A vida imita a arte – “ROSEMARYS’ BABY” e o #FREEBRITNEY
Usar filmes como um comentário de momentos e problemas contemporâneos é quase como um pilar desta forma de arte. Apesar de ser visto como um género mais superficial, o terror é provavelmente dos meios mais criativos para abordar esta vertente da 7.ª arte.
Existem diversos exemplos disso. Desde a análise do luto como n’”O Babadook” ou “Hereditário”, até à proteção sexual em “It Follows”, passando pela guerra e violência em “Jacob’s Ladder”, e, mais relevante para este artigo, feminilidade e maternidade em “Rosemary’s Baby”.
Rosemary’s Baby

Fonte: Vanity Fair
Baseado no livro de Ira Levin com o mesmo nome, o filme de 1967, realizado e escrito por Rowan Polanski, segue Rosemary que, após se mudar para uma nova casa e engravidar, começa a duvidar das pessoas à sua volta e da natureza da sua gravidez. Considerado um dos melhores filmes de terror de sempre, é famoso não por basear o seu horror na ideia de que o perigo não está num homem de máscara ou num fantasma na cave, mas nas pessoas que achamos que nos querem o melhor.
Quando a vida inspira a arte não é surpreendente. O que é mais interessante é quando a vida espelha a arte, mesmo quando as circunstâncias diferem.

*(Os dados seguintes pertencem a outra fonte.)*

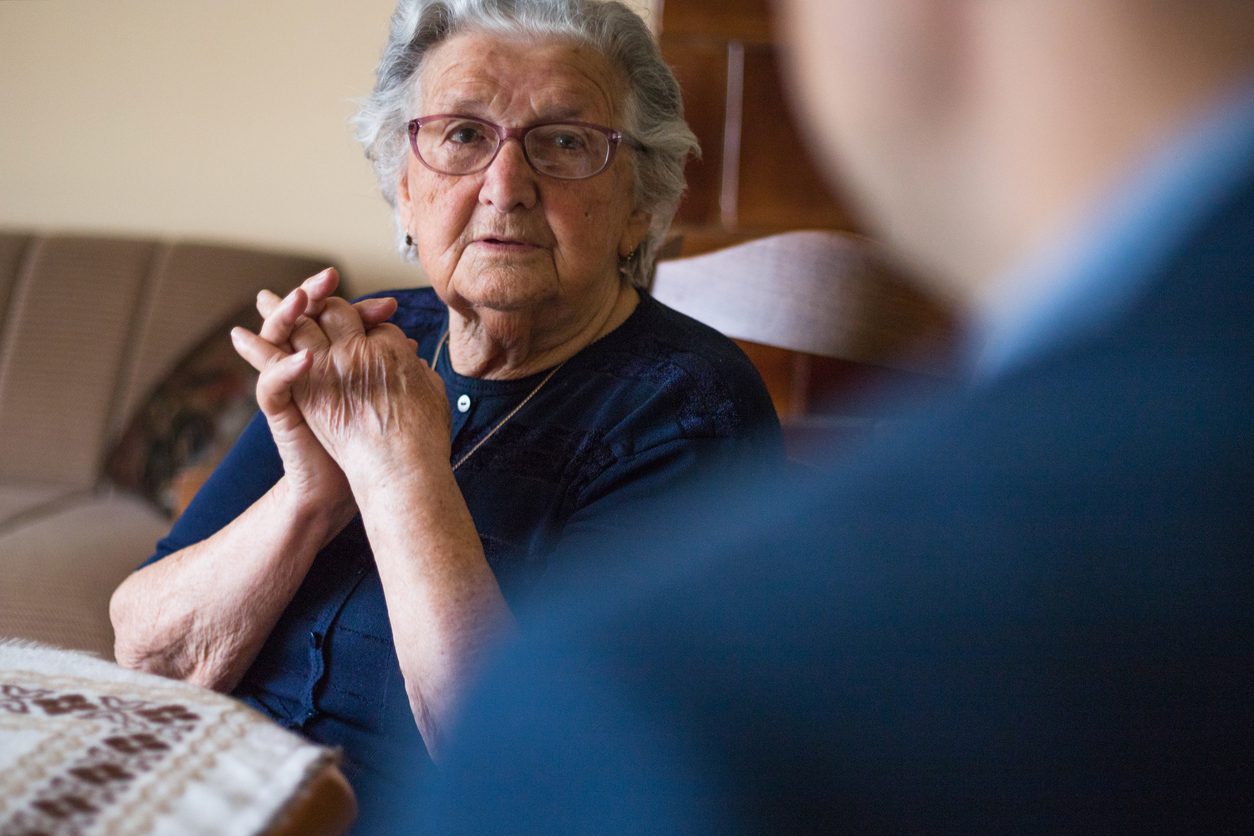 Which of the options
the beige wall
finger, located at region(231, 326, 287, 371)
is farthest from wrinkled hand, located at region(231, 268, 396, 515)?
the beige wall

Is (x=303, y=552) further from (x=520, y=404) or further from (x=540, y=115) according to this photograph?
(x=540, y=115)

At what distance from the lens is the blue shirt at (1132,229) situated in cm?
28

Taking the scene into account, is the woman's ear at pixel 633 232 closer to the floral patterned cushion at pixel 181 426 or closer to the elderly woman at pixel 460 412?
the elderly woman at pixel 460 412

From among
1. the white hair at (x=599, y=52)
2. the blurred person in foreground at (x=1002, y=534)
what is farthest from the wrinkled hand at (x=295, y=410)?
the blurred person in foreground at (x=1002, y=534)

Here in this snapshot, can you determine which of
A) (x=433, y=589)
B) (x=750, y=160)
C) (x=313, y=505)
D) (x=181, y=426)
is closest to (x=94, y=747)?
(x=433, y=589)

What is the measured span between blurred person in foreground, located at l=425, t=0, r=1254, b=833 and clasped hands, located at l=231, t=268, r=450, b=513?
2.68 feet

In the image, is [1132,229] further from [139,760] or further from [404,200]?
[404,200]

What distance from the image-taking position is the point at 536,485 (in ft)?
4.09

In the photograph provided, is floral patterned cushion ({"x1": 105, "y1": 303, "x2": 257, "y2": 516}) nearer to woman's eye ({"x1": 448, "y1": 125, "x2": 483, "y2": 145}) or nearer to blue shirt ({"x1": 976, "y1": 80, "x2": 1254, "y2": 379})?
woman's eye ({"x1": 448, "y1": 125, "x2": 483, "y2": 145})

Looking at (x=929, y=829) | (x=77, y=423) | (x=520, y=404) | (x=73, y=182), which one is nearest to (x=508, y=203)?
(x=520, y=404)

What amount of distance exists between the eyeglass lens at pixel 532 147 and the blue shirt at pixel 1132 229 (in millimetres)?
1093

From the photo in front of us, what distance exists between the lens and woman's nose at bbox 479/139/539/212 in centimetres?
132

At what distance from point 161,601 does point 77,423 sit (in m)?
1.76

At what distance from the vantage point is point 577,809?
357 mm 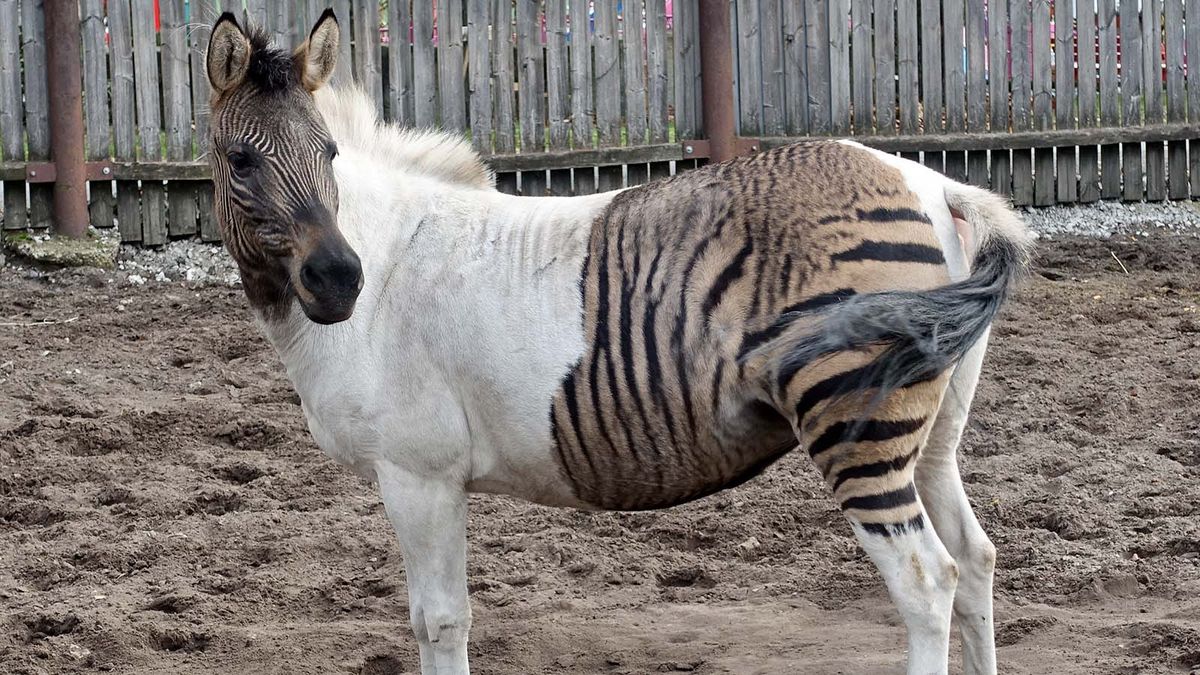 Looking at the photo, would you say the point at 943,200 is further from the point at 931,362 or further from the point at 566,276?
the point at 566,276

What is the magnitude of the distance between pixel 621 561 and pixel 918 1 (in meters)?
6.57

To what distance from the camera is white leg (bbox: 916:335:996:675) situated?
3654mm

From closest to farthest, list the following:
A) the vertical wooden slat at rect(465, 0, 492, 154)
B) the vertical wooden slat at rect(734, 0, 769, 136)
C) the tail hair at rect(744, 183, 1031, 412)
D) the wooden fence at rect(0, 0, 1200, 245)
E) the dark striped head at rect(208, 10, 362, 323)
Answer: the tail hair at rect(744, 183, 1031, 412) < the dark striped head at rect(208, 10, 362, 323) < the wooden fence at rect(0, 0, 1200, 245) < the vertical wooden slat at rect(465, 0, 492, 154) < the vertical wooden slat at rect(734, 0, 769, 136)

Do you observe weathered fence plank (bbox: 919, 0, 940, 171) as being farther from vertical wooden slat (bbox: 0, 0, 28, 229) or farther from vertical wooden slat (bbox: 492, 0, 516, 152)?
vertical wooden slat (bbox: 0, 0, 28, 229)

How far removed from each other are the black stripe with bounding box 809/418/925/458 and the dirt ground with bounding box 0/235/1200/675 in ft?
3.42

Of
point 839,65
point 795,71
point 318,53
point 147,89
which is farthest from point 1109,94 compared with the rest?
point 318,53

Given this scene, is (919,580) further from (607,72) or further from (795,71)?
(795,71)

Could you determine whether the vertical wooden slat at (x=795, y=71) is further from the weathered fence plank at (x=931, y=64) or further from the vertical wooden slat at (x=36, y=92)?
the vertical wooden slat at (x=36, y=92)

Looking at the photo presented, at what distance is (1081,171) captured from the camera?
34.3 ft

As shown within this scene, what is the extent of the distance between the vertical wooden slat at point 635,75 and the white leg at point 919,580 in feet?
22.5

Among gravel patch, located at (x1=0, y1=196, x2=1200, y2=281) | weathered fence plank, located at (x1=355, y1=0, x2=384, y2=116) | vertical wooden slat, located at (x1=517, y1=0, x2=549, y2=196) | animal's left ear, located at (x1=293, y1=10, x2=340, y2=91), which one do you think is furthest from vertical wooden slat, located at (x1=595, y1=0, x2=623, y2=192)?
animal's left ear, located at (x1=293, y1=10, x2=340, y2=91)

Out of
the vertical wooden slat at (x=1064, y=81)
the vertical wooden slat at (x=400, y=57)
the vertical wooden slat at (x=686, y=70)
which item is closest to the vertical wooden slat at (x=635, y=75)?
the vertical wooden slat at (x=686, y=70)

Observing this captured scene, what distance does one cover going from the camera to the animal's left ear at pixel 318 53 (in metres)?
3.64

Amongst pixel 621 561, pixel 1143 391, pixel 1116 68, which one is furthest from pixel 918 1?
pixel 621 561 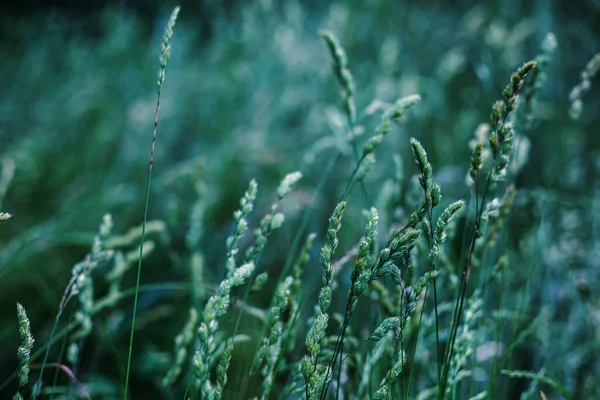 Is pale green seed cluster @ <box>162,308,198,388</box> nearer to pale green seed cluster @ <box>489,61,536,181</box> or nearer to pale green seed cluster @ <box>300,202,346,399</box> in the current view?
pale green seed cluster @ <box>300,202,346,399</box>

É, por isso, interessante ver como é que o recente caso de Britney Spears e toda a sua conservadora se relacionam com este clássico dos anos 60.
Britney
Fonte: Correio Brasiliense
Para aqueles que não tocam num telemóvel há um ano, Britney Spears recebeu uma conservadora há 13 anos, após ter sofrido psicologicamente devido a anos de perseguição e assédio feitos pelos media.
Apesar de ser capaz de trabalhar, tendo lançado imensos projetos desde 2008, Britney foi considerada demente e incapaz de tomar conta de si própria. Para além de lhe serem retirados milhões de euros, foi posta sobre efeitos de drogas, forçada a trabalhar e chantageada de modo a fazer o que lhe era pedido. Isto é um claro caso de violação de direitos humanos e, de certa maneira, um filme de terror passado na vida real.
Mesmo lugar, hora diferente …
Quando comparamos as viagens de Rosemary e Britney, pode parecer que existem poucas paragens comuns. Contudo, quando olhamos mais profundamente, conseguimos ver onde estas mulheres se cruzaram.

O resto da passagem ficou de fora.